Orang Melayu, Tionghoa, Madura, Bugis, Jawa, perlu mengetahui tentang kelompok Dayak. Mereka perlu mengetahui ciri atau identitas Dayak. Mengetahui budaya, bahasa, dll. Semakin dalam pengetahuan, semakin baik.
Begitu juga sebaliknya. Orang Dayak, perlu mengetahui kelompok lain. Semua suku.
Pengetahuan yang terbatas akan menimbulkan praduga. Sebaliknya, pengetahuan yang cukup, pengetahuan yang baik dan mendalam tentu akan menghilangkan stereotip, akan menghilangkan praduga. Pengetahuan seumpama ini akan membantu orang saling memahami.
Saya membayangkan jika masing-masing saling memahami. Saya membayangkan jika kesalingpahaman bisa diwujudkan, bisa ditumbuhkembangkan sejak awal, sudah tentu penghargaan akan tumbuh.
Tidak perlu orang berkelahi karena mereka tidak mengerti orang lain. Tidak perlu orang ribut hanya karena mereka curiga, curiga pada sesuatu yang seharusnya tidak dicurigai. Ambil contoh yang paling sering digunakan orang, tentang carok di kalangan orang Madura. Di dalam budaya asal, carok dilihat sebagai sesuatu yang positif. Carok dilihat dalam konteks orang mempertahankan dan mengembalikan harga diri. Pertahanan berarti pasif. Hanya untuk membalas jika harga diri diserang. Bukannya memulai menyerang. Orang tidak memahami konteks carok. Orang tidak memahami mengapa carok dipertahankan dalam budaya orang Madura. Jika orang memahami dengan benar tentu tidak akan menganggap carok dari sisi negatif saja. Begitu juga sebaliknya, orang Madura yang mengerti tentang carok tentu tidak akan asal ‘pakai’ istilah itu untuk melegitimasi tindakan kriminal yang dilakukan.
Saya berusaha menerbitkan buku ‘Memahami Kesukubangsaan di Kalimantan Barat” dengan harapan, buku ini bisa memberikan sumbangan untuk membangun saling memahami itu. Di dalam buku ini digambarkan tentang identitas, persebaran, dan budaya suku Dayak, Melayu, Tionghoa, Madura dan Bugis. Ada harapan besar untuk masa depan, agar setiap orang menjadi lebih memahami diri dan orang lain dengan baik.
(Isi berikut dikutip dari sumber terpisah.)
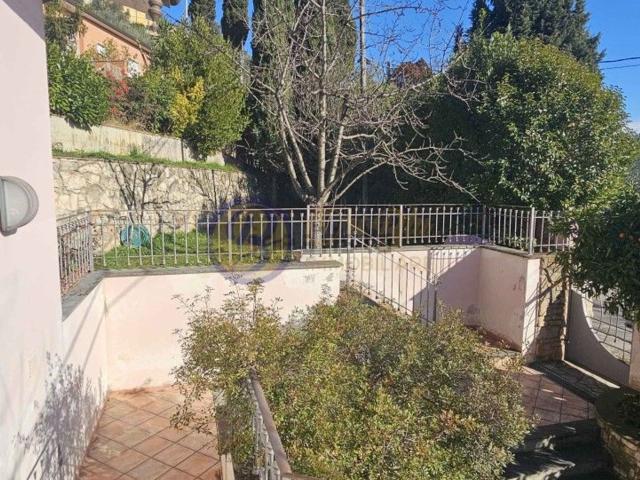 Case e ville in vendita di 350 m² in Via di Forcagliana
Orang menjadi lebih mengerti. Orang menjadi lebih berpengetahuan. Orang menjadi lebih beradab.
Harap-harap kelak setiap orang bisa menebarkan cinta untuk orang lain. Setiap orang, kelak, bisa memandang orang lain sebagai bagian dari dirinya juga. Sama-sama orang-orang Kalbar, “orang diri’” atau “orang kita”.